Occasionally, a post that I write is deemed interesting enough by another blogger to be quoted. This generates an incoming link that appears among the article’s comments. I don’t mind this at all. In fact, I think it’s good when bloggers read one another’s posts and take up the discussion. So if you are an honest blogger, you may quote me on that and on anything else!
However (and there’s always a however in this wicked world), there are those who quote my blog – and yours, and anyone else’s – for less innocent reasons. This practice has become so prevalent as to rival spamming as a nuisance and has attracted the ire of the blogging community. As a result, it has been given a name, blog scraping, and the blogs based on it are referred to by the term splogs.
As far as I can make out, there are two main sorts of splogs. They all have one thing in common (with the odd exception), namely that their authors (if they deserve such a name) use automatic software to cruise the blogosphere and seize on certain articles according to the keywords in them.
Let me give you an example. A few weeks back, I wrote a couple of posts about my hearing aids. These were immediately “scraped” by a site claiming to aggregate information on hearing aids. However, the word “hearing” also appeared in a later post of mine, this time without any reference to hearing aids, and that post, too, was scraped by the same splog. This lack of finesse shows that automatic software is being used.
The different sorts of splog that I know of (though there may be others) are, firstly, those that quote the whole of a post, often without acknowledging the source (i.e. you or your blog) or even assigning it to a false authorship and, secondly, those that quote a few lines of an article, following these with a “Read more…” link to the original post. What these splogs tend to have in common, apart from a rather dull format, is a complete lack of any contact information, making it difficult to express your displeasure at their actions.
How do you know you have been “scraped”? An essential part of the scraping process is to generate an incoming link to your blog. You will see this, either in the comments section at the end of a post or among the comments held for review as possible spams by the blogging software. The idea behind this, I think, is to try to generate traffic to the splog which will raise its ranking on search engines such as Google.
Why would these parasites wish their sad, unoriginal and lack-lustre little splogs to achieve such favour? There might be several motives, I suppose. A splog with a high profile might attract advertising, for example, and thus generate income.
So does scraping really matter? After all, doesn’t it possibly give your blog extra publicity? There are several answers to that, depending on the different sorts of blogs that are scraped. In the first place, most honest people deprecate with various degrees of passion such parasitical use of their original work. If you are an artist or writer or a provider of information, you do not want your work to be stolen and credited to someone else. At the very least, scraping is a breach of copyright. Added to this, you, the author, have no control over where your work is exhibited and may find your posts appearing where you do not wish them to appear, for example on porn sites.

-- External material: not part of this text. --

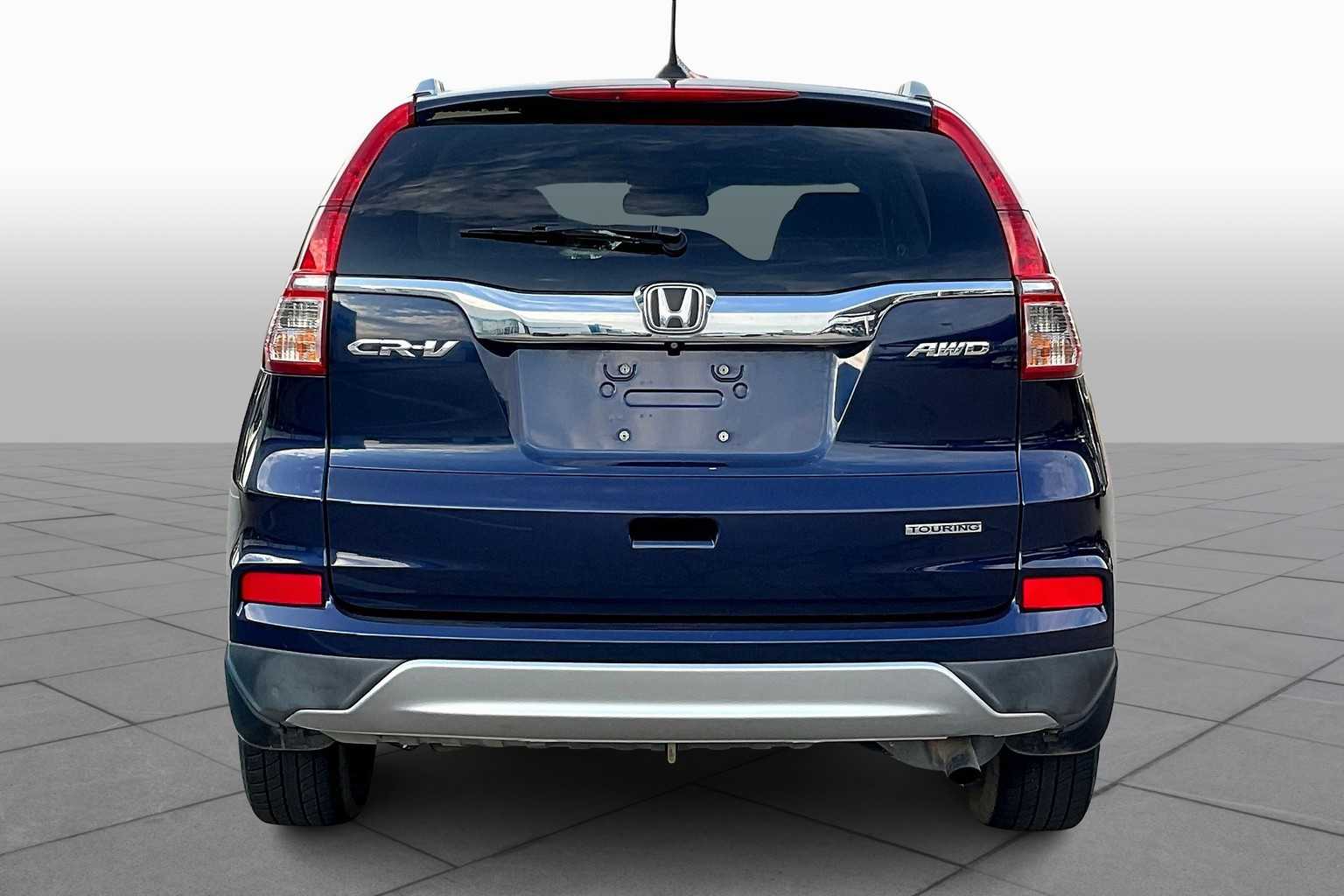 2016 Honda CR-V Touring photo 4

Are there any defences against scraping? None that I can see. A lot of bloggers now put copyright or creative commons licence announcements on their blogs. If you use WordPress, there is a plug-in * designed to insert a copyright notice in your text if this is quoted in its entirety. I don’t think these help much because machines don’t take any notice of copyright notices and scrapers probably pay no need to them either.

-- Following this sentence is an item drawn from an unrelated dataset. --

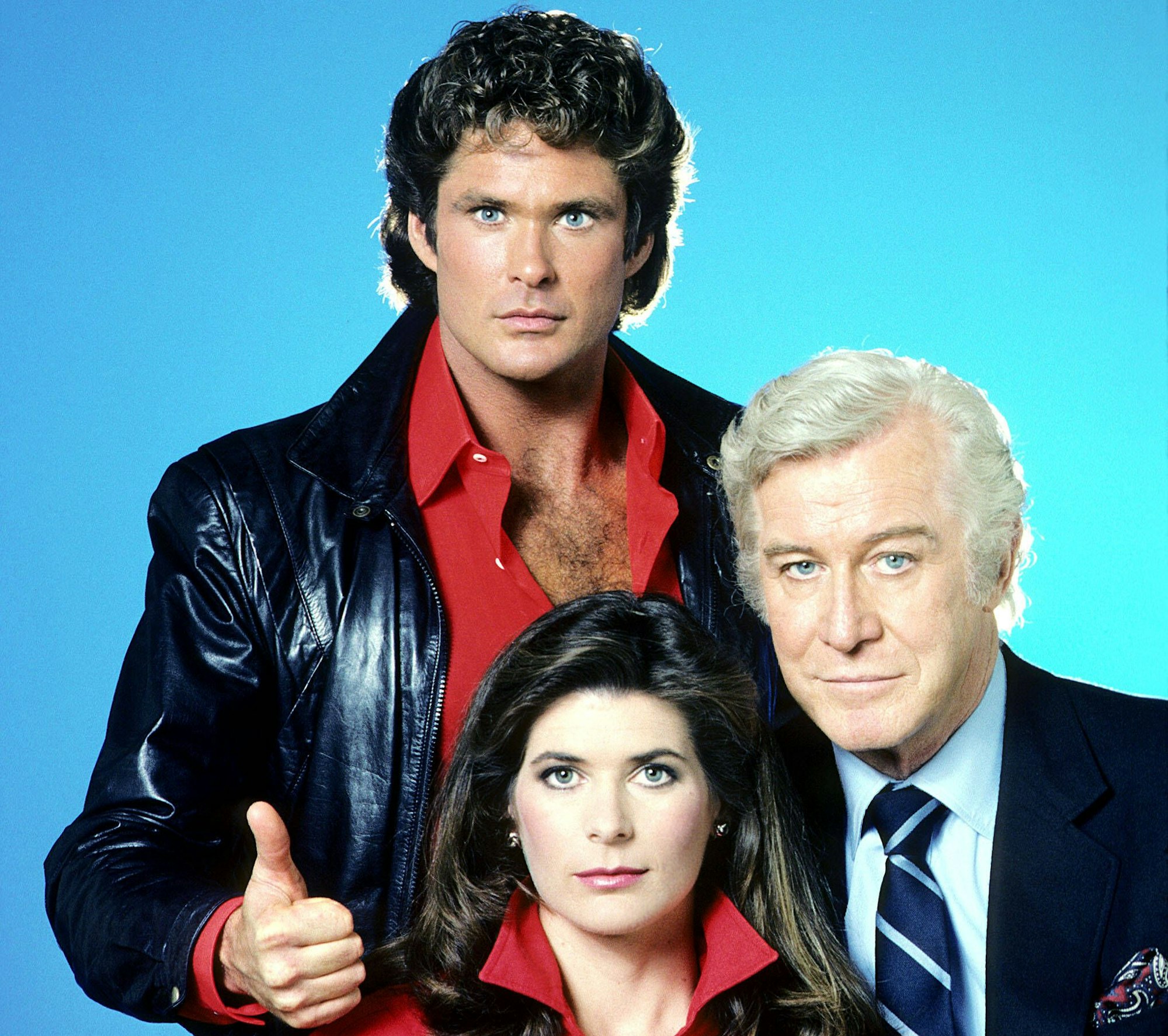 David Hasselhoff, Edward Mulhare und Patricia McPherson posieren mit einem Modell von KITT.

Are there, then, any remedies once the offence has occurred? If you can find a contact address, you can try asking the splogger to remove your content. Some bloggers report success in this. If you cannot contact the splogger or if the latter does not respond, you can contact the Internet service provider who is hosting the splog. This too has met with some success.
This is all very reminiscent of the fight against spammers. It costs time and possibly money to go along this route and unless you are a business blogger and you feel your business is being jeopardized, it may not be worth the trouble.
In any case, such victories, if they are won, are piecemeal. For every splog that you persuade to delete your post or is closed down, several more will appear to continue their parasitical activities. As with spammers, we are on a hiding to nothing in the absence of a global strategy to deal with the problem.
There are no copyright notices on my blog. This is not because I do not value my work but because I believe that the blogging community in general is honest and because I do not want to deter others from quoting me or linking to me for perfectly legitimate reasons whereas those who rip off my content will ignore copyright notices anyway. Ending every post with “© 2008 SilverTiger” would, I feel, be giving in to hysteria. You may disagree with me and, if so, good luck to you. Let me know whether it makes any difference and I will perhaps change my mind.